[Rezension] Manuel Wagner: Nur ich bin normal

Das Buch

Bei der Geburt fängt der Wahnsinn an: Seiner wohligen Einsamkeit entrissen, sieht sich der neue Mensch zahllosen Artgenossen ausgeliefert. Andere Menschen sind überall, und sie nerven. Dabei verhalten sie sich so berechenbar wie ein Kernkraftwerk, das zwischen zwei tektonischen Platten von den Typen errichtet wurde, die uns Tschernobyl eingebrockt haben. So sieht es die Hauptfigur dieser Geschichte. Kein Wunder, dass sie uns aus ihrer Perspektive jede Menge skurrile Anekdoten zu erzählen hat. Der Malzwang im Kindergarten, die absurden Verhaltensweisen der Mitschüler auf der Klassenfahrt, die seltsamen Geschehnisse während einer Studentenparty und anderer Irrsinn lassen nicht nur das Ich in der Geschichte an der psychischen Gesundheit der Mehrheit zweifeln. Wie aber soll das Ich mit den anderen umgehen? Warum fühlt es sich plötzlich doch zu jemandem hingezogen?

Meine Meinung

Ehrlich gesagt, ist es gar nicht so einfach eine Rezension zu diesem Roman zu schreiben. Der Autor selbst bezeichnet sein Buch als unkonventionell - und das ist es in jeder Hinsicht. Ganz im Motto "Ich war stets bemüht" versuche ich meine Gedanken zum Buch jetzt in einigermaßen verständliche Worte zu packen:

 

Der Roman liest sich wie eine Art Tagebuch, in dem das Ich sein Leben von Geburt an festgehalten hat - oder zumindest die Situationen in seinem Leben, die am skurrilsten waren, in denen das Ich am meisten zu "verarbeiten" hatte. Der Schreibstil ist dementsprechend des Öfteren umgangssprachlich, locker gehalten und nicht distanziert. So kann man sich als Leser direkt in das Leben des erzählenden Ich hineinversetzen, als hätte man das alles selber erlebt.

 

Den Großteil der Geschichte steht nur das Ich im Mittelpunkt; alles wird aus seiner Perspektive erzählt, andere Protagonisten gibt es nicht. Das Ich allein ist berechtigt andere zu betrachten und über sie zu urteilen - was die anderen persönlich über das Ich denken, bleibt dem Leser vorenthalten. Es stellt lediglich Mutmaßungen darüber an, was die Menschen über es denken.
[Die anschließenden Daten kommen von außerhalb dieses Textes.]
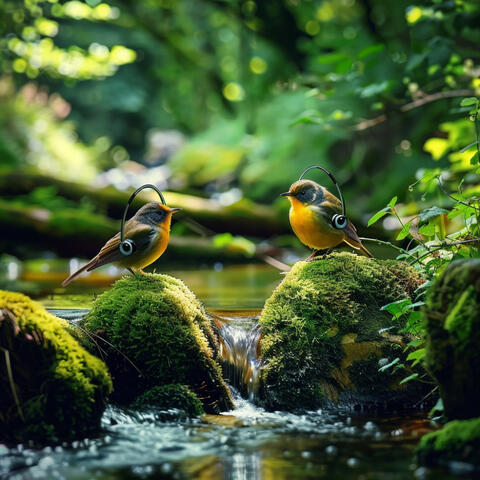 Nature’s Binaural Cadence: Birds by the Creek - 78 72 Hz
So kann man als Leser die ganze Geschichte auch nur aus einer Perspektive sehen und bewerten. Aber gerade das ist das Interessante. Was für den Leser immer wieder wie Ironie oder Sarkasmus aussieht, ist für das erzählende Ich der absolute Ernst. Diese eigentlich ernst gemeinten, aber ironisch wirkenden Stellen, machen das Lesen zu einem Vergnügen - wenn der Text auch oftmals sehr tiefsinnig und bedeutungsschwer ist.

 

Ob man sich als Leser nun mit dem Erzähler identifizieren kann oder nicht, muss jeder für sich entscheiden und das hängt auch davon ab, in wie weit man bereit ist, sich selbst gewisse "Macken" einzugestehen.

Fazit

Nur ich bin normal ist auf jeden Fall kein Buch für jedermann. Obwohl es nur 113 Seiten kurz ist, muss man sich viel Zeit zum Lesen nehmen. Aber dieser Roman hat es auch verdient, dass man sich diese Zeit dafür nimmt. Man kann unglaublich viel daraus lernen - man muss sich nur darauf einlassen und dem Ganzen eine Chance geben!